An image taken from the International Space Station shows orange swaths of airglow hovering in Earth’s atmosphere. NASA’s new Atmospheric Waves Experiment will observe this airglow from a perch on the space station to help scientists understand, and ultimately improve forecasts of, space weather changes in the upper atmosphere. (Credits: NASA)
by Douglas Messier
Managing Editor
On Sept. 2, 1859, a powerful solar storm of highly charged particles overwhelmed the Earth’s protective magnetic field, shorting out telegraph wires and igniting fires across the United States and Europe.
Aware of the havoc that a similar event could cause on a planet increasingly dependent on satellites and electronics, the U.S. government is looking to better predict, protect against and recover from future solar storms.
The Space Weather Act introduced in the Senate would establish an inter-agency working group consisting of representatives of the following agencies: NASA, NOAA, Defense, Interior, Transportation (including FAA), State, Energy, Homeland Security and the National Science Foundation. The group would help develop integrated space weather strategies across the government.
A 15-member space weather advisory group would also be established that would consist of five members apiece from the commercial sector, academic community and non-governmental space weather end user community.
The measure directs White House Office of Science and Technology Policy Director Kelvin Droegemeier to lead these groups in developing “an integrated strategy for solar, solar wind, and geospace observations beyond the lifetime of current assets that considers the provision of solar, solar wind, and geospace measurements and other space weather measurements (A) essential to space weather forecasting; and (B) important for scientific purposes,” the bill stated.
Droegemeier consider the use of small satellites, hosted payloads, commercial spacecraft, international partnerships and prizes when developing the integrated observation strategy. He is also instructed leverage and build upon space weather research performed by the National Science and Technology Council.
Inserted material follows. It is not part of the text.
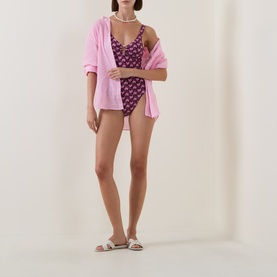 Model wearing Seafolly dark burgundy floral one-piece swimsuit, styled with pink oversized shirt and white slider sandals.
NASA would work with other agencies, the European Space Agency and international partners to maintain operations of the maintain operations of the Solar and Heliospheric Observatory’s Large Angle and Spectrometric Coronagraph “for as long as the satellite continues to deliver quality observations.”
NOAA would be tasked with working with NASA and DOD to secure secondary capability to image near real-time coronal mass ejections from the sun. NOAA would also work with the Defense Department to develop an integrated strategy for follow-on space-based observations.
The FAA would be tasked with assessing the danger of space weather to civil aviation. The effort would include evaluating “options for incorporating space weather into operational training for pilots, cabin crew, dispatchers, air traffic controllers, meteorologists, and engineers,” the bill stated.
The National Security Council would lead an inter-agency effort to assess the risk to security assets and develop strategies to protect them. Homeland Security would lead a similar effort to examine critical infrastructure.
Homeland Security would be prohibited from promulgating regulations to protect critical infrastructure from the effects of space weather events under this bill.